DATA BLOCK -
################

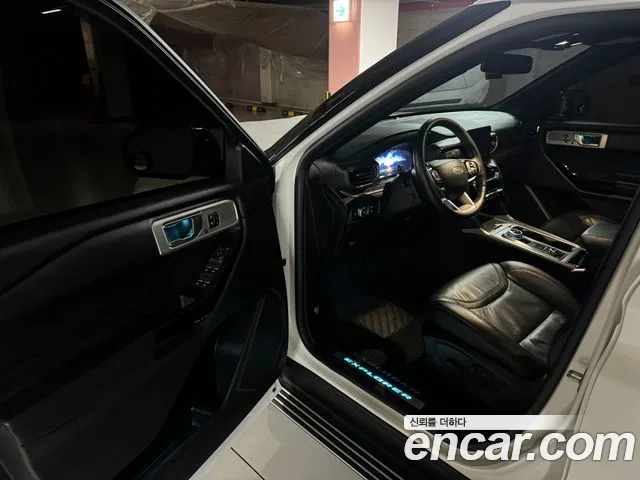 Ford Explorer Explorer 6 поколение 3.0 Platinum 4WD — Фото автомобиля 12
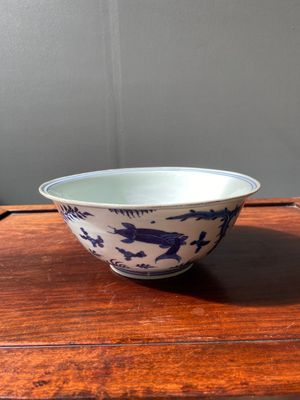Een Chinese blauw-witte kom met karpers, Chenghua merk, Kangxi — foto 1
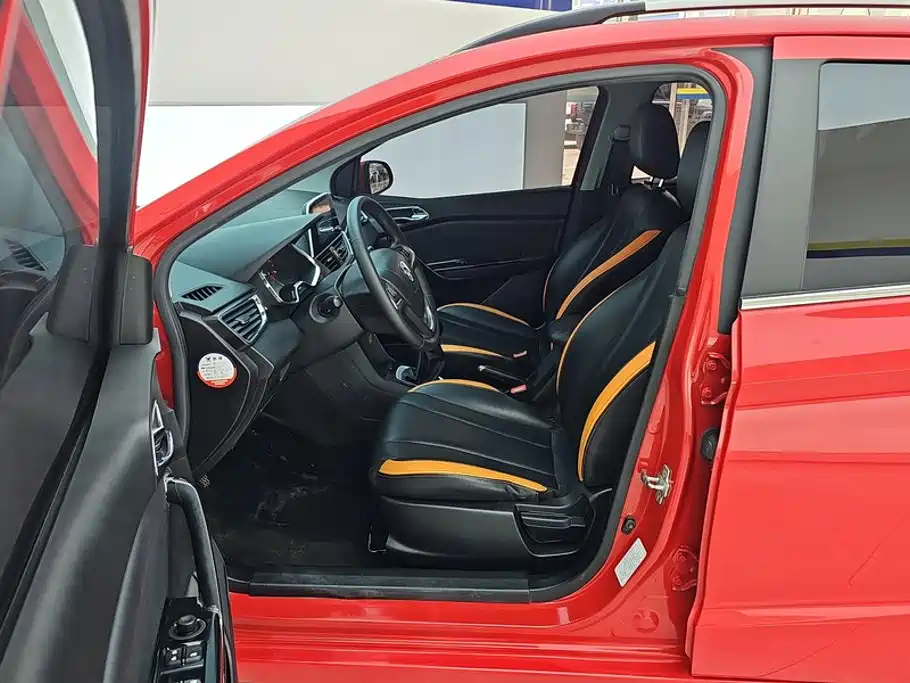 Baojun 310 — миниатюра 9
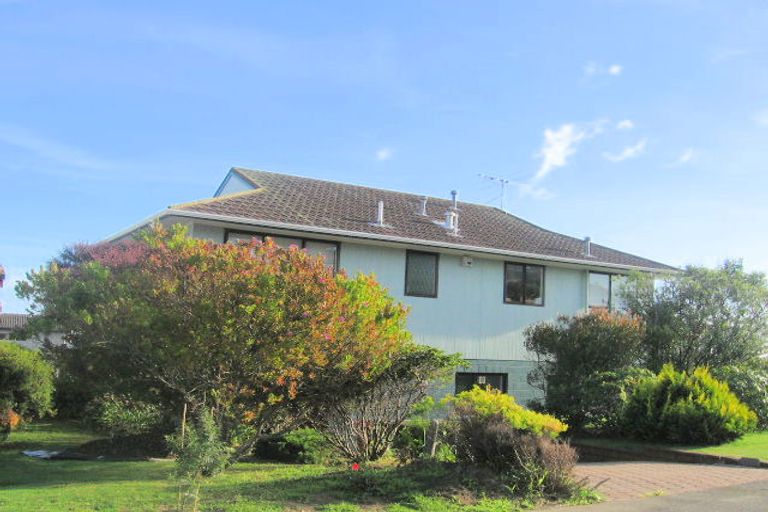 Photo of property in 26 Mercury Way, Whitby, Porirua, 5024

################

ABOUT THIS TASK -
Restate all of the data word for word and include no pictures.

TASK RESPONSE -
 Ford Explorer Explorer 6 поколение 3.0 Platinum 4WD — Фото автомобиля 12
Een Chinese blauw-witte kom met karpers, Chenghua merk, Kangxi — foto 1
 Baojun 310 — миниатюра 9
 Photo of property in 26 Mercury Way, Whitby, Porirua, 5024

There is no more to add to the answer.